09
February
2018
|
09:24 PM
America/Chicago

Texas House Bill 13, guiding funded partners with state mental health grants

By Brooke Gillespie, grant development specialist

It is widely known that Texas ranks near the bottom of the list nationally when it comes to mental health spending per capita. During the 85th Texas Legislative Session, however, a momentous move was made to correct this negative trend when House Bill 13 (HB 13) — a bill Methodist Healthcare Ministries supported throughout the session — was passed into law.

As a result of HB 13, the state of Texas will funnel $27.5 million into select mental health programs — over the course of two years — through a matching grant program to support community mental health programs providing services and treatment to individuals experiencing mental illness. A couple key aspects of the bill include greater organizational collaboration and the fact that, at a minimum, 50 percent of those funds will benefit rural communities with populations under 250,000. HB 13 is significant to Methodist Healthcare Ministries given its promise to increase access to mental health, promote organizational collaboration, and potentially aid our own funded partners and the communities we serve.

Because we are a not-for-profit organization with experience as both a grantor and grantee, we understand the challenges nonprofits might face when searching for funding opportunities like HB 13. Whenever possible, we offer funded partners unique insight and guidance on how to secure grant awards from other funders in order to create diverse revenue streams and additional sustainability. (Diversified revenue streams establish credibility and create the potential to attract even more funders because funders see that multiple entities believe in the organization’s cause and efforts.) With HB 13, we didn’t want common constraints — lack of development staff, time, state grant experience, etc.— to keep partners from benefiting from these grant funds to advance mental health care. So, as soon as the bill passed into law, Methodist Healthcare Ministries sprang into action.

To start, one of our advocacy partners, the Meadows Mental Health Policy Institute, hosted a conference call to provide information about HB 13 to our funded partners. Next, we sought to support those partners in their efforts to apply for HB 13 funding by hosting informational meetings, offering letters of support, maintaining open lines of communication and providing technical assistance to interested organizations to ensure they had the opportunity to apply for funding. Finally, we are continuing to support our funded partners in applying for grants similar to HB 13, because we know that when partners obtain funding outside of Methodist Healthcare Ministries, they open doors to more opportunities and organizational growth. By earning diverse sources of revenue and grants, a funded partner is positioned to expand services to a larger capacity in the communities they serve. This, in turn, contributes to our goal of creating more access to care.

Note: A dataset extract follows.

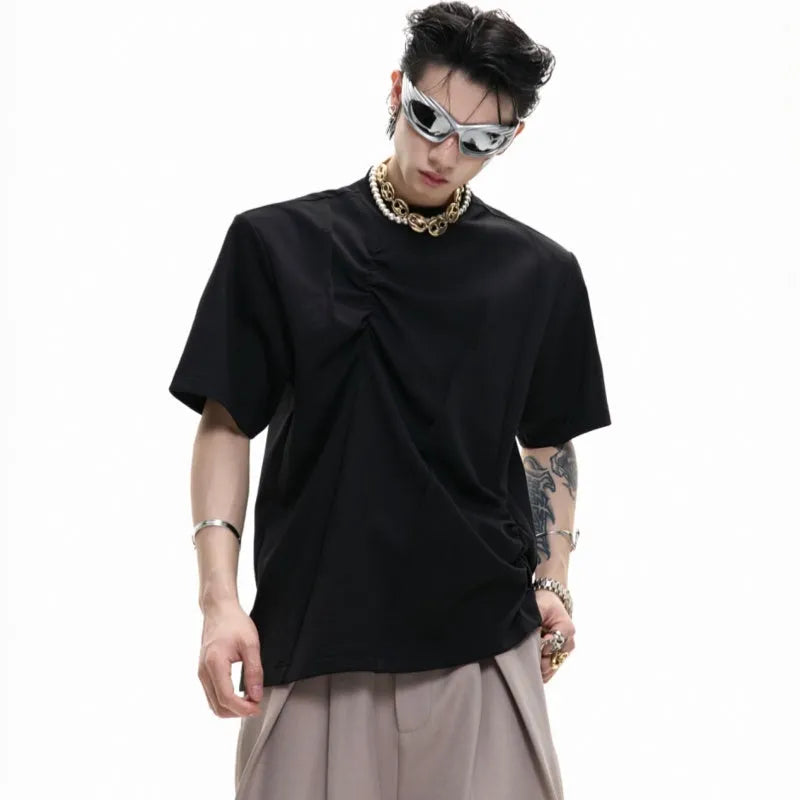 Men's loose fit grey cotton T-shirt with three-dimensional pleated detail on the front.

The Texas Health and Human Services Commission (HHSC) implemented HB 13 through two procurements: a competitive Needs and Capacity Assessment distributed to Local Mental Health Authorities (LMHAs) and Local Behavioral Health Authorities (LBHAs), and a competitive Request for Applications (RFA) to be distributed more broadly to solicit applications from both nonprofit organizations and governmental entities. The recipients of the first round of funding were announced Jan. 23. Of the 39 LMHAs in Texas, 25 were selected to receive HB 13 funding — four of which are Methodist Healthcare Ministries partners (Border Region Behavioral Health Center, The Center for Health Care Services, Gulf Bend Center, and MHMR Services for the Concho Valley). Those four, as well as all other organizations selected by the state, will soon enter the negotiation stage to solidify their contracts for their proposed projects. Proposals for the second round of funding were due Jan. 31, and awards will be announced later this year. All projects, independent of which round, will begin in 2018.

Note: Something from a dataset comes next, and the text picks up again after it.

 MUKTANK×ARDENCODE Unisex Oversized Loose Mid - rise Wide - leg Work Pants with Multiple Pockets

Longevity of HB 13 is unknown; it may or may not become a project that Texas elects to continue funding for years to come. However, even if Texas decides to stop HB 13 funding, a benefit that selected partners have is that they can now establish a track record for properly managing a state grant. This proves to the state that the organization is a good investment for additional state grants for which the organization may wish to apply. Additionally, just by helping funded partners apply for the first time, we were able to help them obtain procedural experience on how to navigate a sometimes complicated and lengthy RFA — crafting the best application, and helping them find necessary attachments for application submission, along with other requirements.

It was validating to see a multitude of organizations support mental health funding since it is essential to the health of Texas communities. We appreciate that funded partners were open to this new opportunity, despite its challenges, and we’re proud that all our funded partners strive for excellence, improvement and innovation. These qualities are essential for improving South Texas’ capacity to provide top of the line health care services to individuals who otherwise might not have access to health care.